Kolej ujawnia deficyt
Liderem strat w 1999 roku są Polskie Koleje Państwowe. To przedsiębiorstwo należące do Skarbu Państwa, zatrudniające prawie 171 tys. osób, zanotowało stratę na poziomie 2,2 mld zł.
Tymczasem na rynku nie ma zbyt wielu chętnych do sprzedaży wierzytelności wobec PKP. Dostawcy tworzą stałe grono i jak nieoficjalnie wiadomo, nie chcą pogarszać kontaktów handlowych z monopolistą. Ponadto, znaczna ilość kontraktów jest tak skonstruowana, że uniemożliwia wierzycielom odzyskiwanie należnych pieniędzy przez kompensatę wzajemną.
SPORE zobowiązania PKP dotyczą opłat eksploatacyjnych, głównie za energię elektryczną. Zakłady energetyczne nie pozwalają swoim odbiorcom na ograniczenia co do rozporządzania należnościami. Nawet PKP nie udaje się zapobiec sprzedaży wierzytelności.

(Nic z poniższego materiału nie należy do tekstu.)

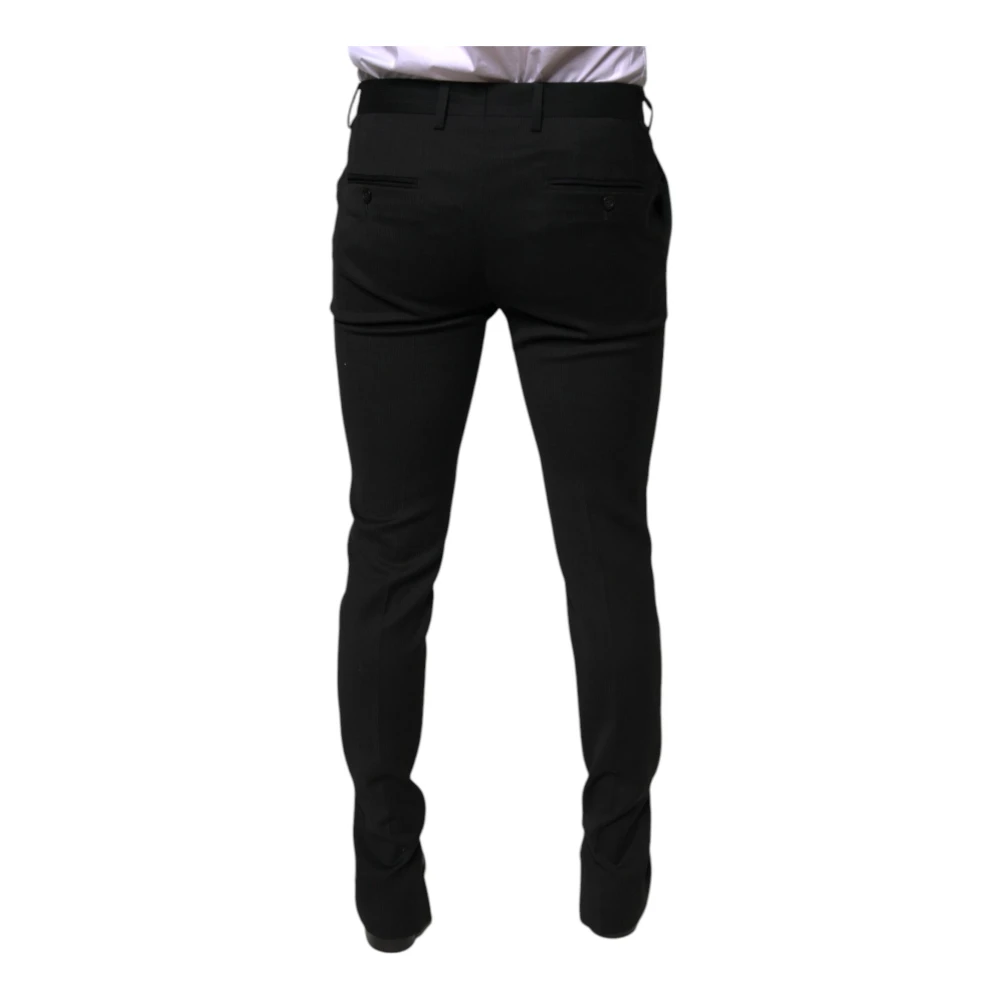 Dolce & Gabbana Zwarte Wolmix Skinny Jurk Broek Black Heren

OD KILKU miesięcy funkcjonują zasady przeprowadzania kompensat wzajemnych należności z udziałem PKP. Wierzyciel kolei może ubiegać się o takie rozliczenie dopiero po czterech miesiącach od daty sprzedaży towaru. Termin zapłaty za towar wynosi 60 dni, zaś zgodnie z warunkami przekazanymi swoim kontrahentom kompensata jest możliwa dopiero po 60 dniach od terminu płatności. Po dwóch miesiącach starań o zapłatę PKP umożliwia wszczęcie procedury kompensacyjnej. Żaden z zapytanych wierzycieli nie potwierdził, że owe dwa miesiące, kiedy dług jest wymagalny, to czas na zapłatę gotówkową. Natomiast gotówki brakuje. Najlepiej wiedzą o tym podmioty z zaplecza kolei. Niektóre zakłady naprawcze mimo pełnego portfela zamówień mają spore kłopoty z utrzymaniem płynności finansowej. Brakuje pieniędzy na wypłatę świadczeń pracowniczych i podatków. Cykliczne spotkania z dyrekcją PKP zdaniem gości nie przynoszą spodziewanych efektów. Nieco lepiej wiedzie się firmom których współpraca z PKP finansowana jest poprzez znaczne instytucje, a środki nie przepływają przez PKP.